To solve this, there are some services available such as https://visualping.io/, https://www.wachete.com/, https://versionista.com/ and more. These all cost a few to many dollars a month.
This got me thinking. Basically, monitoring a website for changes requires three things:
- Some storage to remember what the page used to look like.
- Some server to check the page on a schedule.
- A way to send a notification.
This can all be done via GitHub. The storage is a git repository, which has the added benefit of diffs, the schedule can be handled via GitHub Actions and notifications can be done via GitHub issue comments. (I plan to add GitLab support later if enough people use the package.)
So, I’ve created Skans.jl (https://skans.dev). The template to get started is at SkansTemplate.
This package does the following things for each web site that it is set up to track:
- Download the HTML page.
- Sanitize the HTML. (This is aimed to improve the readability of the diff between previous page version and current page version and to reduce the number of false-positive hits, that is, reduce the chance of getting notified when the page didn’t visibly change.)

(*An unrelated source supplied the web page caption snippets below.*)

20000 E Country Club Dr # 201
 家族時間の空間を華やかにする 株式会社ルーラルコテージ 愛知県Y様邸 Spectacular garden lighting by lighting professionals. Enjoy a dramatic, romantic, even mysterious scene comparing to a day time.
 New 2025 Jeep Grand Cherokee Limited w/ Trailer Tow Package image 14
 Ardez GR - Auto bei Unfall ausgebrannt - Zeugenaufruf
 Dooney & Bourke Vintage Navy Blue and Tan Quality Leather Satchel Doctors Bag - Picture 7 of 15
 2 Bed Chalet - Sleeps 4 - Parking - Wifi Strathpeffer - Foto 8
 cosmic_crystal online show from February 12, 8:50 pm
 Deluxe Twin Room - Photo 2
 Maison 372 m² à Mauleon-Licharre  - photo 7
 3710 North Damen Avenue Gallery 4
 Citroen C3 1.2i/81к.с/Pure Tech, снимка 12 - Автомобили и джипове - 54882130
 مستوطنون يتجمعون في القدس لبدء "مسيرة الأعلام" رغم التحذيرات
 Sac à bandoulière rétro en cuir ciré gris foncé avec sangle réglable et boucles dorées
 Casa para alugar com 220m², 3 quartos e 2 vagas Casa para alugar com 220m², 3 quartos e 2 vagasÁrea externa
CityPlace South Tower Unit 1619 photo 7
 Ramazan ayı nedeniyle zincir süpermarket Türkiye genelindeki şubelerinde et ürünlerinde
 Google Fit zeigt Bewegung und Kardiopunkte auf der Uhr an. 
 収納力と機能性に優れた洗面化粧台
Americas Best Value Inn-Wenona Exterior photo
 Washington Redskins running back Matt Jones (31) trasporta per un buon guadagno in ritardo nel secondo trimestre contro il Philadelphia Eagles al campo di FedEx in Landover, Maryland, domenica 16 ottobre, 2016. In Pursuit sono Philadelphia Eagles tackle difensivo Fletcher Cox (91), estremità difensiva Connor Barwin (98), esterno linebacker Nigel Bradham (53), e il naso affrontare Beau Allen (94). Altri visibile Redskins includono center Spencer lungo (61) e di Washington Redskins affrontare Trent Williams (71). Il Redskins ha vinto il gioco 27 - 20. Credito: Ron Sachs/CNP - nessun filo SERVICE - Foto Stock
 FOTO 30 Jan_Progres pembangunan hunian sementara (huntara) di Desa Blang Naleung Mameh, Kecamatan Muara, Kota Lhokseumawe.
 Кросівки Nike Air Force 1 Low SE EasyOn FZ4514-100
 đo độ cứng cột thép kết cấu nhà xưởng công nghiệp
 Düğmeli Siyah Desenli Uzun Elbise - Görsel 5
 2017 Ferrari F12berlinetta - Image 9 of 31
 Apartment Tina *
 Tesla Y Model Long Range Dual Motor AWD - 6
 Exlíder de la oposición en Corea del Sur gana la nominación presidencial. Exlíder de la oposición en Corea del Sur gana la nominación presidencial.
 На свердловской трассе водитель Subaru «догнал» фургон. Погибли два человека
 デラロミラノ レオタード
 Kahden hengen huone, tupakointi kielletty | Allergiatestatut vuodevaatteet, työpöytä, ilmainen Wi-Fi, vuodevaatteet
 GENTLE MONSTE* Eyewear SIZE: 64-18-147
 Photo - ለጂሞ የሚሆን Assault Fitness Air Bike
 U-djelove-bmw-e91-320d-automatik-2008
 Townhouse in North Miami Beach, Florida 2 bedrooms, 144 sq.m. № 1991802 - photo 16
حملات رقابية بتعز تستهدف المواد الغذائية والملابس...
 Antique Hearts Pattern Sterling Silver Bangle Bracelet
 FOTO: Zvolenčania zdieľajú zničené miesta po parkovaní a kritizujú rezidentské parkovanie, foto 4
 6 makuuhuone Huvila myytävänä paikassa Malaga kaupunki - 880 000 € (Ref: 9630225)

- Compare the current HTML to the previous HTML.
- If the two HTML strings differ, create a diff and send a notification with the diff.
For example, for testing, I monitor a site which always changes: https://bbc.com. The most recent notification for the BBC looks as follows (source):
My hopes for the future of this package are that it will draw many new people to Julia! For example, if you want to monitor a large numbers of pages, you can either pay $ 99 per month or use Skans.jl and a GitHub runner for free! Optionally, with a GitHub Runner on your own computer. Also, with Skans.jl, you have much more control about what the software is doing exactly.
Thanks again for the Julia community and especially BinaryBuilder for providing Gumbo which can gracefully sanitize “the insanity that passes for HTML out on the wild, wild web” (Gumbo.jl).